• Task description: From the line that contains "Naked girls in the cold!" to the last line of the data below, transcribe every line exactly. Do not include the pictures.

• Supplied information:

BEGIN

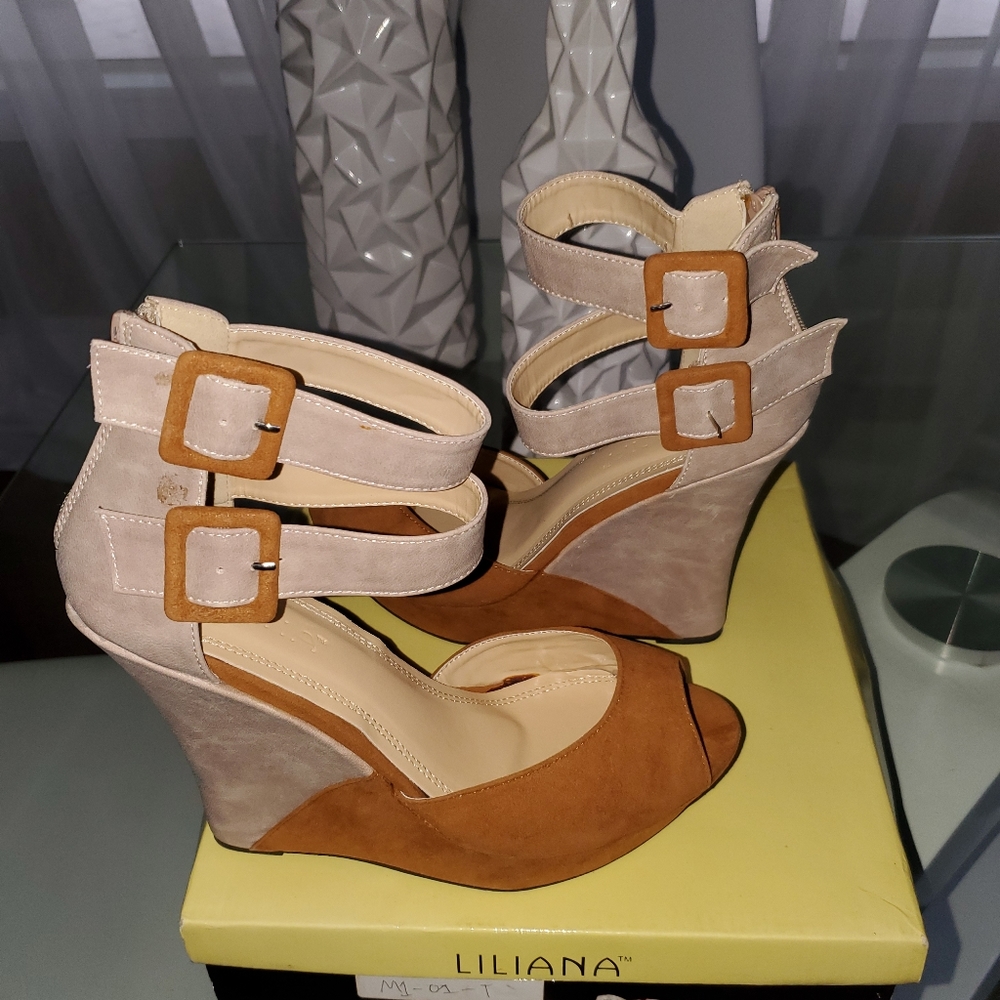 Liliana Women  Wedge Heels Size 10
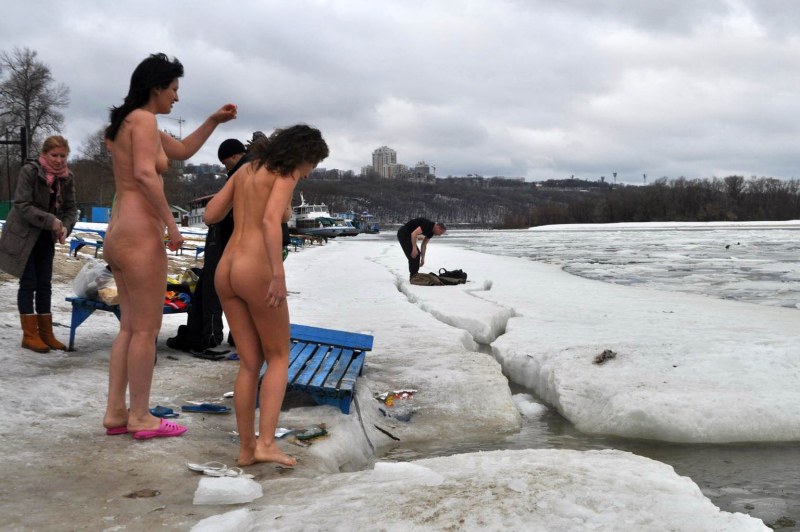 Naked girls in the cold!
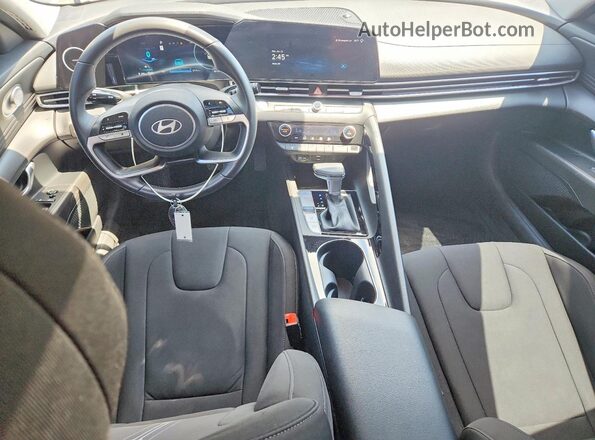 KMHLS4DGXRU772870 2024 HYUNDAI ELANTRA Черный Вид панели приборов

END

• Answer space:
 Naked girls in the cold!
 KMHLS4DGXRU772870 2024 HYUNDAI ELANTRA Черный Вид панели приборов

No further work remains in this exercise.